In a second aspect of the present invention, there is provided a film for a thermal transfer (printing) material, comprising a biaxially oriented polyethylene 2,6-naphthalate film of Young's modulus in longitudinal direction of not less than 600 kg/mm2
DETAILED DESCRIPTION OF THE INVENTION
The polyethylene 2,6-naphthalate used in the present invention represents a polymer constructed substantially of the ethylene 2,6-naphthalate as the constitutional unit, and also ethylene 2,6-naphthalate polymers modified with a small amount of e.g. less than 10 mol %, preferably less than 5 mol % of a third component.
Polyethylene 2,6-naphthalate is generally produced by polycondensing naphthalene-2,6-dicarboxylic acid or a functional derivative thereof, for instance, methyl naphthalenedicarboxylate and ethylene glycol in the presence of a catalyst under suitable reaction conditions. As a third component, dicarboxylic acids such as adipic acid, sebasic acid, phthalic acid, isophthalic acid, terephthalic acid, naphthalene-2,7-dicarboxylic acid, etc. and lower alkyl esters thereof; oxycarboxylic acids such as p-oxybenzoic acid and lower alkyl esters thereof; dihydric alcohols such as propylene glycol, trimethylene glycol, tetramethylene glycol, pentamethylene glycol, hexamethylene glycol, diethylene glycol, etc; and polyalkylene glycols such as polyethylene glycol, polytetramethylene glycol, etc. may be exemplified. Further, in the polycondensation, a polycondensation regulator, crystallization regulator, plasticizer, flatting agent, stabilizer may be added.
Since the mechanical properties of the polyethylene naphthalate for use in the present invention is reduced in the case where the polymerization degree is too low, the intrinsic viscosity thereof is preferably not less than 0.40, more preferably in the range of from 0.40 to 0.90. In addition, concerning the density of the polyethylene naphthalate, it is preferably not less than 1.360, more preferably not less than 1.370. In the case of the density of below 1.360, such a polyethylene naphthalate is not preferable because of the high shrinkage ratio of the film prepared therefrom.
For preventing the sticking of the film of the present invention, fine particles of an inert compound may be contained in the film, thereby giving a sliding property to the film. As one of the methods, there is a method wherein, in the production of the polyethylene naphthalate, a phosphorus compound, etc. is reacted with a metallic compound dissolved in the reaction system after esterification or ester interchange reaction, thereby depositing out the fine particles, namely, a particle deposition method.
However, since there is a limit in the amount of the thus deposited particles, another method, so-called "a particle addition method" is preferably used.

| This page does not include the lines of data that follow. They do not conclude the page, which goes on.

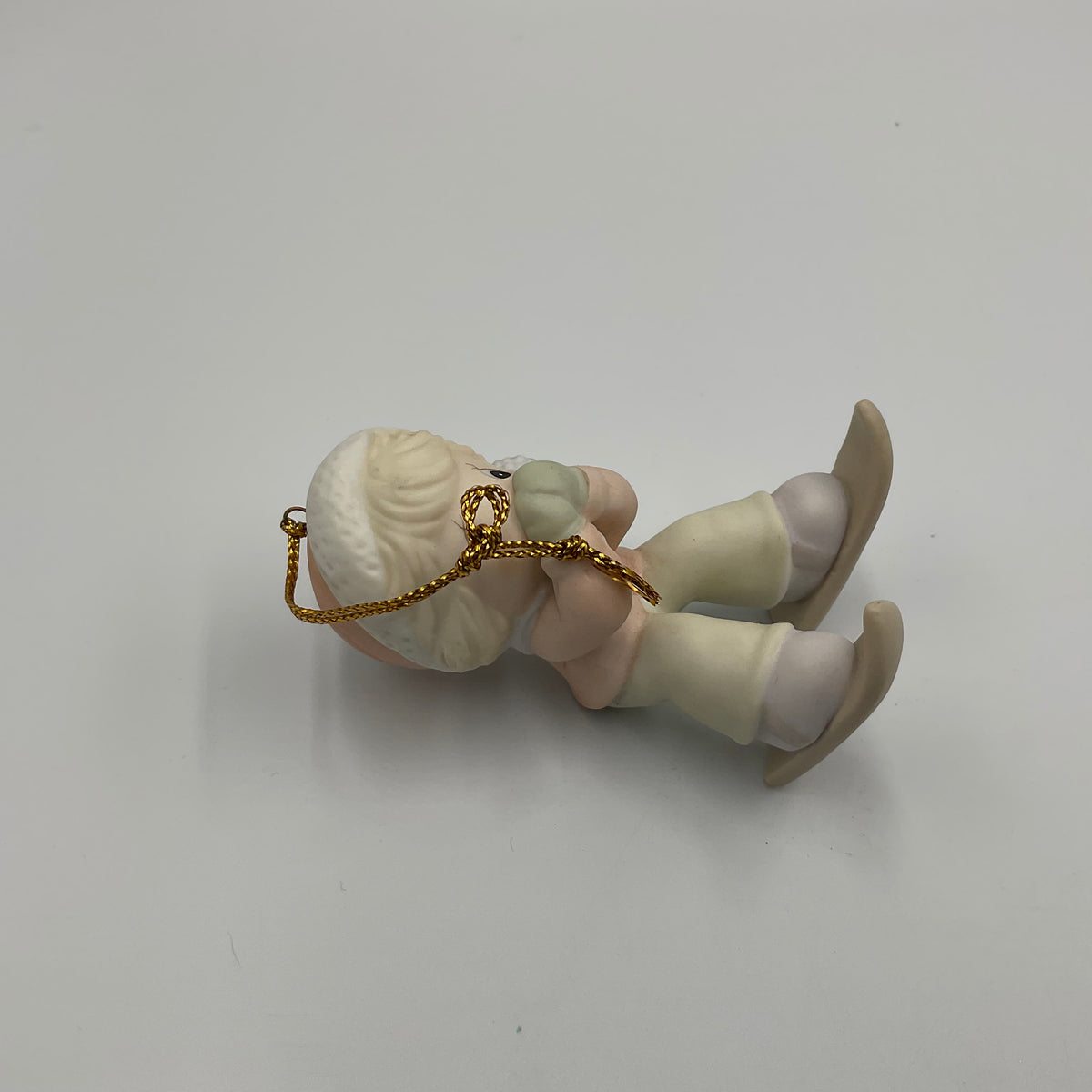 Precious Moments “It’s So Uplifting To Have A Friend Like You” Christmas Ornament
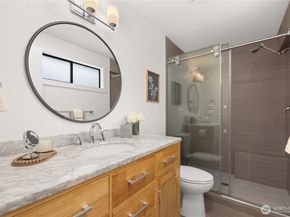 14821 104th Avenue NE, Bothell WA 98011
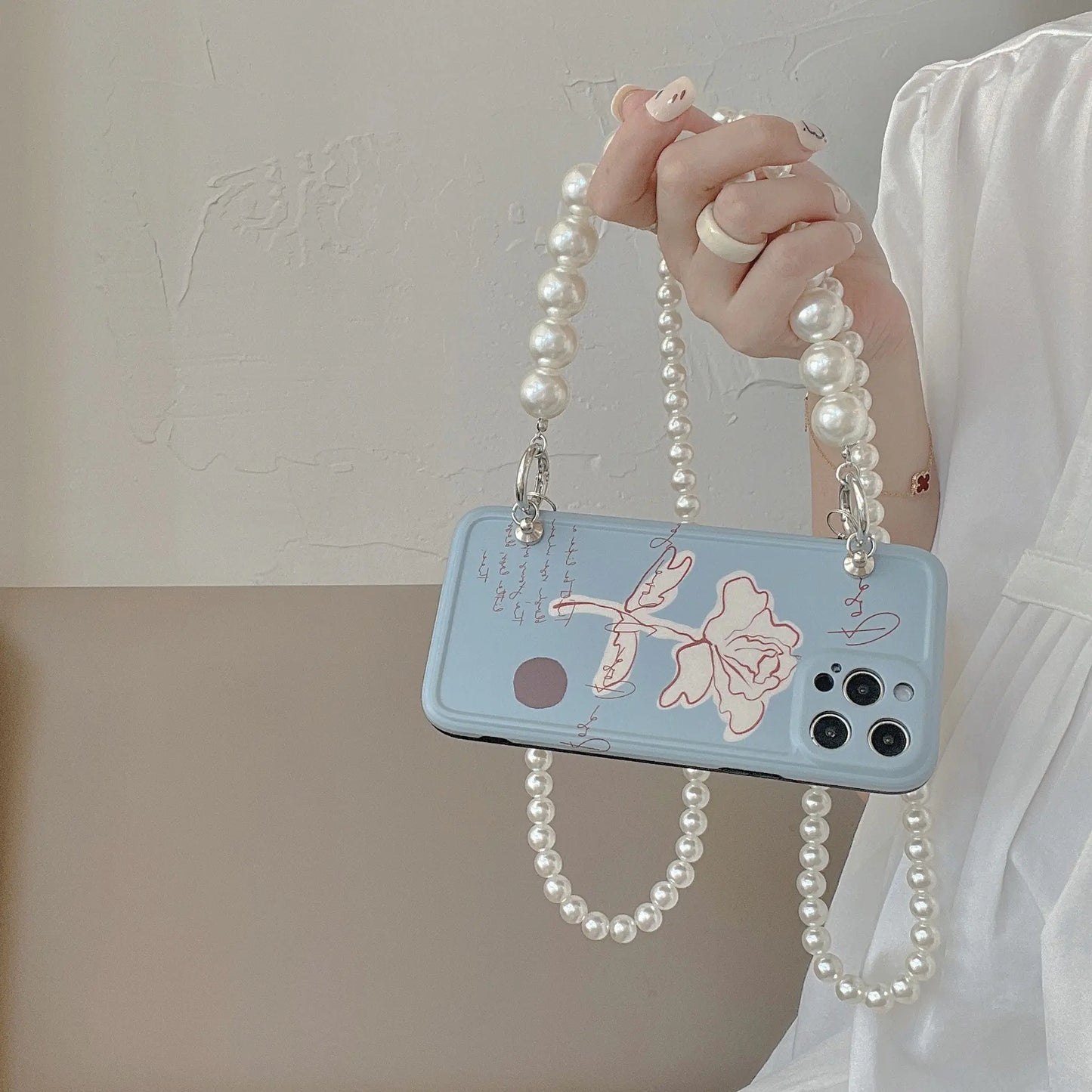 Flower Pearl Silicone Phone Case for Messenger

In short, in the particle addition method, inert fine particles are added to polyethylene naphthalate at any stages of process from the polyester production to film extrusion. As inert fine particles, at least one kind of metallic compound selected from the group consisting of kaoline, talc, magnesium carbonate, calcium carbonate, barium carbonate, calcium sulfate, barium sulfate, lithium phosphate, calcium phosphate, magnesium phosphate, aluminum oxide, silicon oxide, titanium oxide, lithium fluoride, etc. and salts of terephthalic acid of Ca, Ba, Zn, Mn, etc. may be added, however, they are not limited to the above-mentioned compounds.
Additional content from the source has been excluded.